High-majors have more opportunities in conference play for top-tier wins. However, teams like Alabama and North Carolina, for instance, could use their loaded opening couple of months to propel themselves into top-4 seed territory.
Potential bubble high-major teams can build goodwill with the committee with some early quality wins as well. Those aren’t forgotten in March even if a team experiences late-season struggles. We have seen teams in the past (looking at you, 2018 Arizona State) that have carried strong nonconference performances to at-large bids.
There are teams across the country that have filled their first two months with tough matchups. With that in mind, below are 10 teams worth monitoring in the early portion of the season due to how much their nonconference performances may impact their bracketology futures.
Alabama Crimson Tide
Alabama enters this season as a nationally ranked team with lofty expectations. As a result, its NCAA Tournament bid status likely won’t be in question. With that said, though, the Crimson Tide’s difficult nonconference slate positions the Tide to build a resume worthy of landing a top-4 seed. Head coach Nate Oats already has his team off to a great start with a dominant victory over a capable Louisiana Tech team — an under-the-radar nonconference victory with plenty more to come.
Alabama faces South Dakota State on Friday and the upcoming ESPN Events Invitational offers strong opportunities as well.

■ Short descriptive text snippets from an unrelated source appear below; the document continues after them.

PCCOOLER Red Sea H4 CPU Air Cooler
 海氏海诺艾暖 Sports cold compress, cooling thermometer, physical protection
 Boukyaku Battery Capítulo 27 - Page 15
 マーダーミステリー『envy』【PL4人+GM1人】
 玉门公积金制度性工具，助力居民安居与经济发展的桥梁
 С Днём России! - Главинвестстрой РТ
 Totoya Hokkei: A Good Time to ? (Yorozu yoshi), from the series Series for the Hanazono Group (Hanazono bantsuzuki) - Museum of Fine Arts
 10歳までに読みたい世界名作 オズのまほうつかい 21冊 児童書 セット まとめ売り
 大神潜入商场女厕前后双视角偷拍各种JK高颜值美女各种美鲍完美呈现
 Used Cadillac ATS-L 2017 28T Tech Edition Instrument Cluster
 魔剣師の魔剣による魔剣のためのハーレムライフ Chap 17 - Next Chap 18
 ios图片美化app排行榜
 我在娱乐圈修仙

The Tide will face at least Iona and one of Belmont or Drake at the event. If it plays out as planned, the Tide may face Kansas in the championship game as well.
Some of those matchups might look like tune-up bracketology opportunities in the grand scheme of things. The Tide tip off against Gonzaga, Houston and Memphis in three consecutive games from Dec. 4-14 with only the Houston game at home. Alabama also faces Colorado State in its last nonconference game before SEC games begin.
Don’t forget: Baylor, the defending national champions, come to town Jan. 29 in the midseason Big 12/SEC Challenge.
Colorado State Rams
Colorado State is another team that has already kicked off a difficult nonconference schedule with a big win. The Rams put up a whopping 109 points on Oral Roberts in a dominant performance on opening night. While that might be an overinflated victory for now due to ORU’s lingering Cinderella status, it should still be a respectable win on the resume. The Rams will be favorited in their next two games before entering the Paradise Jam, which could pit CSU against the likes of Creighton or Colorado.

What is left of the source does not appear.